EXERCISE DIRECTIONS
Apart from the images, output the data below exactly.

RECORDED DATA
= Beginning of Section =

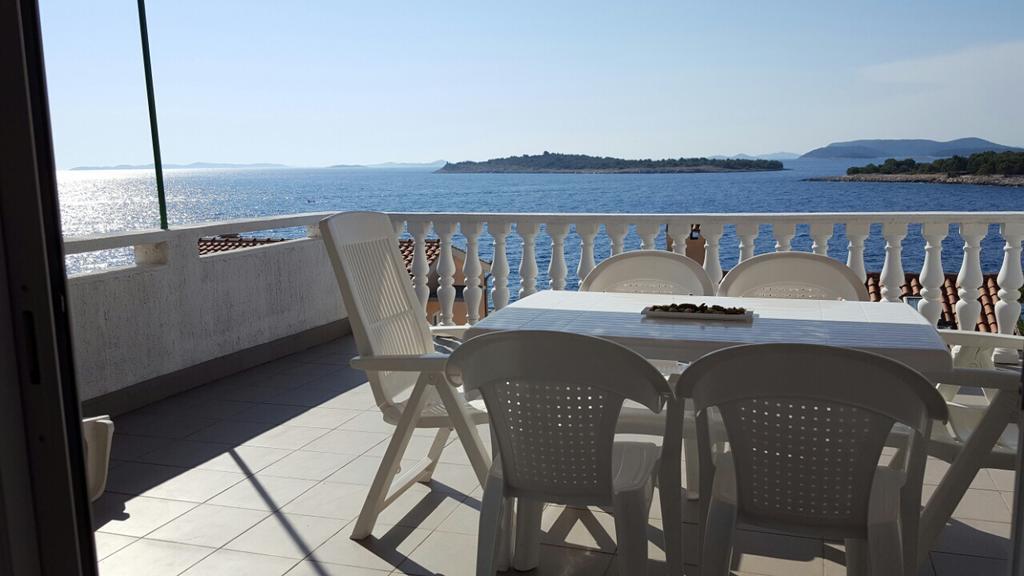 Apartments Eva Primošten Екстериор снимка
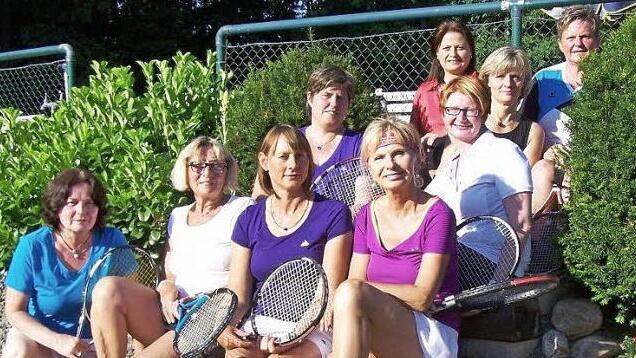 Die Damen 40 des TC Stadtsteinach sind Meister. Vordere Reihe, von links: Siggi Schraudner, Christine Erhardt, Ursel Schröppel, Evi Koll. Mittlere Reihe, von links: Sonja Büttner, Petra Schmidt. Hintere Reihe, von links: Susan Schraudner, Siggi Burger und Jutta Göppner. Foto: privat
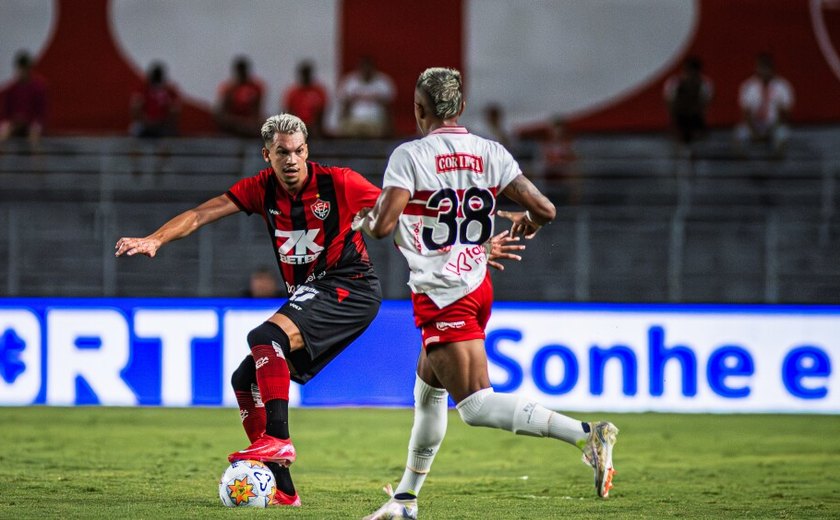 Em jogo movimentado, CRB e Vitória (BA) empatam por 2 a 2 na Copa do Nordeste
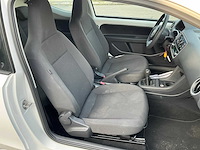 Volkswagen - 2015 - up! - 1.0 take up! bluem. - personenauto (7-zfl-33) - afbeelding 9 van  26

= End of Section =

EXPECTED ANSWER
 Apartments Eva Primošten Екстериор снимка
 Die Damen 40 des TC Stadtsteinach sind Meister. Vordere Reihe, von links: Siggi Schraudner, Christine Erhardt, Ursel Schröppel, Evi Koll. Mittlere Reihe, von links: Sonja Büttner, Petra Schmidt. Hintere Reihe, von links: Susan Schraudner, Siggi Burger und Jutta Göppner. Foto: privat
 Em jogo movimentado, CRB e Vitória (BA) empatam por 2 a 2 na Copa do Nordeste
 Volkswagen - 2015 - up! - 1.0 take up! bluem. - personenauto (7-zfl-33) - afbeelding 9 van  26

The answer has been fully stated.